在交叉编译LLVM/Clang的过程中,LLVM_TARGET_ARCH这一选项默认为host, 即编译到本机ASM。我们先尝试编译到本机ASM并运行。
测试代码 hello.c:
#include <stdio.h>
int main(){
printf("Hello RISCV!\n");
return 0;
} 使用clang编译,执行命令
$ clang -O3 hello.c -c -S -o hello.bc编译结果如下。
.text
.file "hello.c"
.globl main
.align 16, 0x90
.type main,@function
main: # @main
.cfi_startproc
# BB#0:
pushq %rax
.Ltmp0:
.cfi_def_cfa_offset 16
movl $.Lstr, %edi
callq puts
xorl %eax, %eax
popq %rcx
retq
.Lfunc_end0:
.size main, .Lfunc_end0-main
.cfi_endproc
.type .Lstr,@object # @str
.section .rodata.str1.1,"aMS",@progbits,1
.Lstr:
.asciz "Hello RISCV!"
.size .Lstr, 13
.ident "clang version 3.8.0-2ubuntu4 (tags/RELEASE_380/final)"
.section ".note.GNU-stack","",@progbitsclang -S -emit-llvm hello.c生成hello.ll文件,内容如下
; ModuleID = 'hello.c'
target datalayout = "e-m:e-i64:64-f80:128-n8:16:32:64-S128"
target triple = "x86_64-pc-linux-gnu"
@.str = private unnamed_addr constant [14 x i8] c"Hello RISCV!\0A\00", align 1
; Function Attrs: nounwind uwtable
define i32 @main() #0 {
%1 = alloca i32, align 4
store i32 0, i32* %1, align 4
%2 = call i32 (i8*, ...) @printf(i8* getelementptr inbounds ([14 x i8], [14 x i8]* @.str, i32 0, i32 0))
ret i32 0
}
declare i32 @printf(i8*, ...) #1
attributes #0 = { nounwind uwtable "disable-tail-calls"="false" "less-precise-fpmad"="false" "no-frame-pointer-elim"="true" "no-frame-pointer-elim-non-leaf" "no-infs-fp-math"="false" "no-nans-fp-math"="false" "stack-protector-buffer-size"="8" "target-cpu"="x86-64" "target-features"="+fxsr,+mmx,+sse,+sse2" "unsafe-fp-math"="false" "use-soft-float"="false" }
attributes #1 = { "disable-tail-calls"="false" "less-precise-fpmad"="false" "no-frame-pointer-elim"="true" "no-frame-pointer-elim-non-leaf" "no-infs-fp-math"="false" "no-nans-fp-math"="false" "stack-protector-buffer-size"="8" "target-cpu"="x86-64" "target-features"="+fxsr,+mmx,+sse,+sse2" "unsafe-fp-math"="false" "use-soft-float"="false" }
!llvm.ident = !{!0}
!0 = !{!"clang version 3.8.0-2ubuntu4 (tags/RELEASE_380/final)"}
LLVM官方文档提供了从LLVM IR到指定Assembly Language的后端的构造教程[4]. 在llvm/lib/Target中也提供了样例。

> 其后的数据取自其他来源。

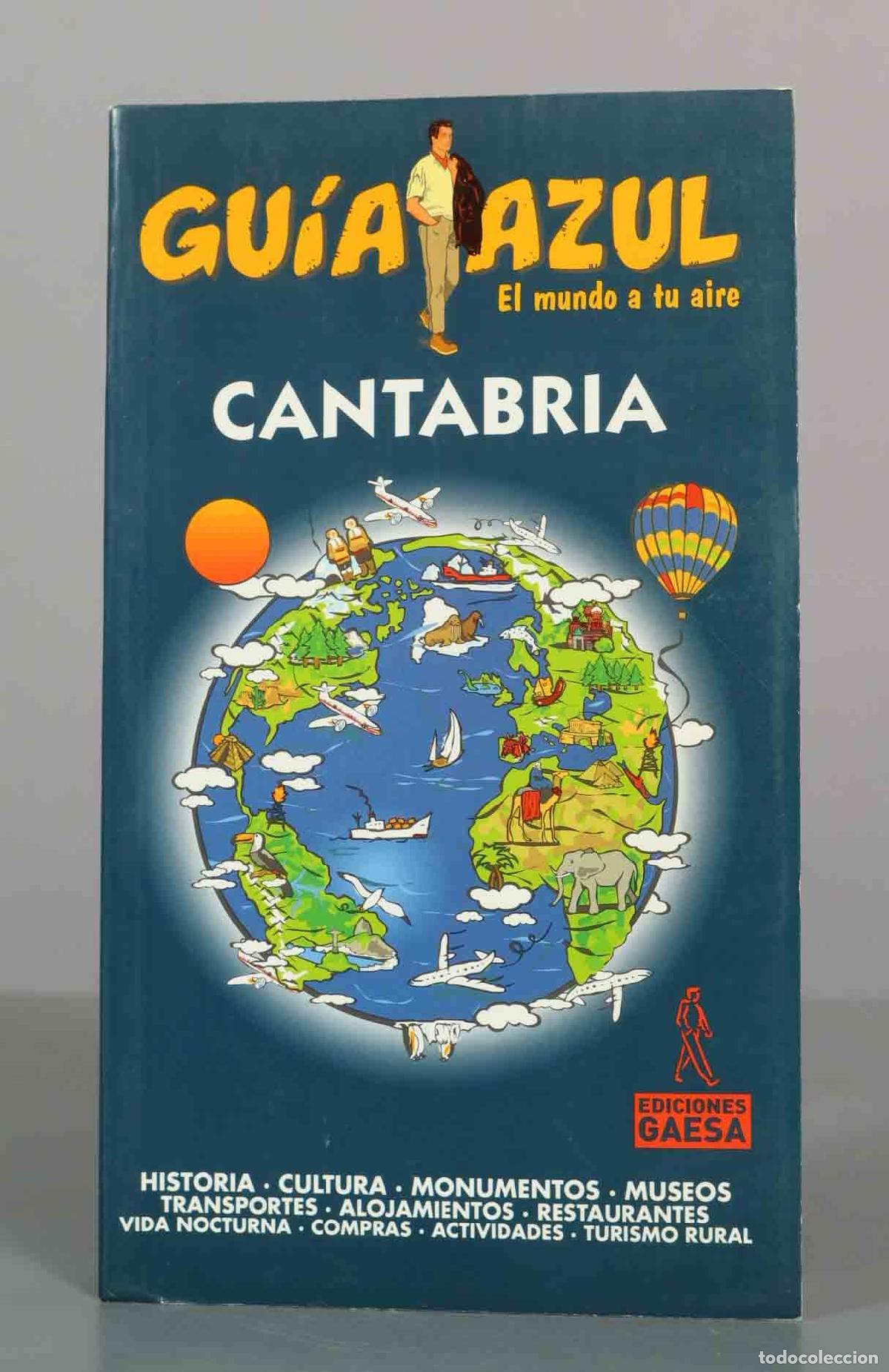 Libros de segunda mano: Gu&iacute;a Azul: Cantabria - El mundo a tu aire - Ediciones Gaesa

RVC是RISCV的一个扩展,可以用于RV32, RV64, RV128任意指令集扩展,其作用是减小静态和动态编译对象大小。50%-60%的RISCV指令都能用RVC实现,可以将生成代码大小缩减到原来的25%-30%。RVC使用16位指令,共有八种压缩指令类型,如图所示:



















- 创建TargetMachine类的子类,描述目标机的特性
- 用TableGen描述目标机的寄存器集合
- 描述目标机的指令集
- 描述从LLVM IR从DAG到目标机指令集的选择与转换
- 在AsmPrinter下写一个子类,完成LLVM bitcode到GNU Assembler riscv的转换
项目文件放置在/llvm/lib/Target/miniRISCV/中.在target miniRISCV未完成的情况下,使用cmake -G Ninja -DLLVM_ENABLE_PROJECTS=clang DLLVM_EXPERIMENTAL_TARGETS_TO_BUILD=miniRISCV ../llvm进行编译,以避免将其添加到target列表中造成混乱。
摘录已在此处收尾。